I agree with bellatulum x kolopakingii


----------



## Jon in SW Ohio (Sep 27, 2006)

I'd guess, but I'm the one that corrupted Lien...

Jon
________
Ford mel engine


----------



## Heather (Sep 27, 2006)

Jon in SW Ohio said:


> I'd guess, but I'm the one that corrupted Lien...
> 
> Jon



Dammit Jon! 
Geesh...what's wrong with you people? LOL!


----------



## kentuckiense (Sep 27, 2006)

Prince Edward of York x sanderianum.

What do I win?

Edit: http://www.slippertalk.com/forum/showthread.php?t=517


----------



## couscous74 (Sep 27, 2006)

concolor x adductum?

Quick somebody register it before it becomes Woessner ConcoAdd


----------



## Mahon (Sep 27, 2006)

Paph. rothschildianum x Paph. leochilum?

-Pat


----------



## Drorchid (Sep 28, 2006)

As a hint, no one has yet given the right combination, but the 2 parents have been named (with the wrong combination), so now it is a matter of combining the 2 right parents! 

Robert


----------



## Kyle (Sep 28, 2006)

concolor x roth


----------



## Drorchid (Sep 28, 2006)

nope, keep guessing.....


Robert


----------



## Shadow (Sep 28, 2006)

roth x adductum


----------



## Ron-NY (Sep 28, 2006)

Shadow said:


> roth x adductum


that would be Paph Johanna Bernhardt definately not!!! I would have guessed Paph. adductum x bellatulum but obviously it is not, and it doesn't look like Paph.
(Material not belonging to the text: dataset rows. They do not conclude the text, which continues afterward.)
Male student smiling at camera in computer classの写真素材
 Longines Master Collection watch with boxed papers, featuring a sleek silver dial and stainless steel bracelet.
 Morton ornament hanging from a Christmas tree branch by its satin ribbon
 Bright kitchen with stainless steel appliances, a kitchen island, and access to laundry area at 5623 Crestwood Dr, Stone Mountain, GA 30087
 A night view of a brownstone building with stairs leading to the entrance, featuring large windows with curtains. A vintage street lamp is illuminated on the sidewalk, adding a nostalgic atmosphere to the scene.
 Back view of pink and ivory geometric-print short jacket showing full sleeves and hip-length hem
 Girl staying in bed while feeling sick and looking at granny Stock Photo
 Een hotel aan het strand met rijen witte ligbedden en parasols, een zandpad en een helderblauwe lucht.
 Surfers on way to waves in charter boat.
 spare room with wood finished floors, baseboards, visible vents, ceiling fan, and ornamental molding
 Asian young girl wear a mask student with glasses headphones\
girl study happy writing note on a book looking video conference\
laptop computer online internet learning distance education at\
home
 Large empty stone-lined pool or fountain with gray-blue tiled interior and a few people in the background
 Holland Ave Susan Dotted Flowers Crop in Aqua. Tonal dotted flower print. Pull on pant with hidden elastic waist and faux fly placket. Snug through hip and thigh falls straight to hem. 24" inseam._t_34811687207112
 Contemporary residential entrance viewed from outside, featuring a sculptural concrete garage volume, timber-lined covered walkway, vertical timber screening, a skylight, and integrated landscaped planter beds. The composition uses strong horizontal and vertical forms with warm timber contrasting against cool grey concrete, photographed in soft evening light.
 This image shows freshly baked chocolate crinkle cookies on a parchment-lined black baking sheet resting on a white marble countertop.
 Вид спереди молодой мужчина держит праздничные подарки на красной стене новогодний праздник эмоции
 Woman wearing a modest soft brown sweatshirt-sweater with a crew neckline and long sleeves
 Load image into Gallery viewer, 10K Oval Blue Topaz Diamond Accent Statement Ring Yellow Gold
Deejay Original wich is concolor x adductum Let me think more.


----------



## johnndc (Sep 28, 2006)

glaucophyllum x sanderianum. I hate what glaucophyllum does to crosses, and I kind of hate this one, so I just have this gut feeling  And it looks like it was pretty before the evil glauco got a hold of it, thus I think sanderianum. Though I will say the color made me think a bit of one of those red bellatulums.

Case in point, re ugly glauco mix (I unfortuantely own this, even though this isn't my flower)
http://www.orchid-society-gb.org.uk/images/I Paph (bellatulum 'Freese' x moquettianum).jpg


----------



## ScottMcC (Sep 28, 2006)

I vote that it's concolor x kolo, making it woessner conco-kola.


----------



## Marco (Sep 28, 2006)

Im with Scott


----------



## Heather (Sep 28, 2006)

Ron-NY said:


> that would be Paph Johanna Bernhardt definately not!!! I would have guessed Paph. adductum x bellatulum but obviously it is not, and it doesn't look like Paph. Deejay Original wich is concolor x adductum Let me think more.



Ahem. I am STILL looking for a good photo of P. Johanna Burkhardt, if anyone has one, I'm shouting out for it again! Please!!!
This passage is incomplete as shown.